Recent developments in the United Kingdom highlight the government's increased focus on overseas corruption. New draft legislation that went through a third reading in the U.K. House of Lords on February 8, 2010, would provide a comprehensive scheme pertaining to bribery in the U.K. and abroad. It would also introduce a new offense of "negligently failing to prevent bribery." In addition, there is a clear trend of more aggressive approach to investigation and enforcement of the relevant rules.
SFO Guidance Encourages Self-Reporting
The Serious Fraud Office (SFO) is an independent government department that investigates and prosecutes serious and complex fraud and overseas corruption.
The SFO has been devoting greater attention to combating overseas corruption. Structurally, it set up a specialized work area—the Anti-Corruption Domain—and announced its intention to have a staff of 100 working in that area.
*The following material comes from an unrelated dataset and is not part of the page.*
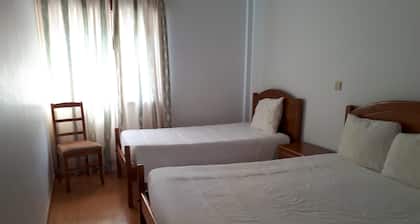 Mira Tejo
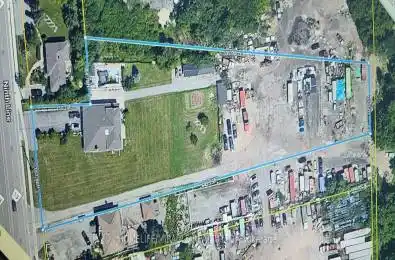 2213 Ninth Line Oakville Ontario L6H 7G7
As part of its recent attempts to combat overseas corruption, on July 21, 2009, the SFO published a guidance detailing how to self-report cases of overseas corruption to the SFO and the benefits of such self-reporting.
Advantages of Self-Reporting
The two main advantages of self-reporting, according to the guidance, are the greater probability of a civil (as opposed to criminal) outcome, and the ability to manage and coordinate with the SFO the issues and the publicity concerning them.
The guidance indicates that the SFO would settle self-reporting cases civilly wherever possible (unless board members of the corporation have personally engaged in the corrupt activities). In making its decision, the SFO will be looking at the public interest, as well as several criteria concerning the relevant corporation. Such civil settlements may include restitution by way of civil recovery, possible external monitoring over the corporation, putting in place a program of "culture change and training," and the issuance of a public statement agreed upon by the SFO and the corporation.
The guidance also indicates that should the SFO discover the case of corruption on its own, i.e., without self-reporting by the relevant corporation, it would regard the failure to self-report as a negative factor and the chances of a criminal investigation, followed by prosecution and confiscation, against the corporation would be "high."
Other Guidance Highlights
The guidance contains several other issues of note:
- Regardless of whether a case was self-reported to the SFO and the outcome vis-à-vis the corporation, the SFO makes "no guarantees" with respect to criminal investigations of individuals.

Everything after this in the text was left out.